First, it allows every incoming government to reinterpret how oil rents should be prioritized, with the incentive to use it to its advantage (think of Chavez’s misiones, for example).

Second, it enables the central government to remain as the dominant actor in the economy, making all the key allocation decisions, picking winners and losers and attracting corruption along the way.

Since, in practical terms, we still have infinite hydrocarbon reserves, we’d do well to revise what we are doing with our oil rent situation.

What could be done about it?

We are used to thinking we have to reinvent the wheel every time a public policy problem comes up. Truth is, these challenges are not exclusive to Venezuela, and we could learn certain lessons from other resource-rich countries. Some of the most used ones are:

1) If we want to avoid exposing ourselves to external shocks when oil prices go down –like the one we are in now–, we have to stop thinking we need to spend every dollar that comes in from oil exports. A sovereign fund with stabilization and saving purposes has worked like a charm for other countries.

2) The Constitution must establish where and how oil rents should be spent, instead of leaving it to the magnificent ideas of the next government administration. Many oil countries have a pre-designed mechanism for oil rent distribution; usually something related to retirement pensions, healthcare, education and housing. This allows citizens to count on public benefits indistinctly from what type of government takes office.
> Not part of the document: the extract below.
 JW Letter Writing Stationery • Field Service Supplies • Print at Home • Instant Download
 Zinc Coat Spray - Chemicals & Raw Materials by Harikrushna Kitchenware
3) Smart petrostates separate the state’s interest in oil revenues from operational decision-making. As long as the government in office controls the business, it will have incentives to prioritize political decisions instead of operational and investment decisions.

4) If you don’t want to socialize the risks, you have to encourage locals to make private investments in the national oil sector. Private stakes create a tangible interest in policies that favor the long-term stability of the business; also, it functions as a wealth and job-creating sector.

5) Finally, I’d root out the hideous Sembrar el Petróleo phrase out of the public conversation. Its ambiguity allows for every person to interpret some idealized version of its believes, instead of promoting one concrete and coordinated oil distribution policy for the long-term.

Sembrar el Petróleo might have been a great conversation starter. The idea long since outlived its usefulness. Until we understand the way this slogan has distorted and maimed our thinking on oil policy-making, we’ll keep reliving failed experiences again and again indefinitely.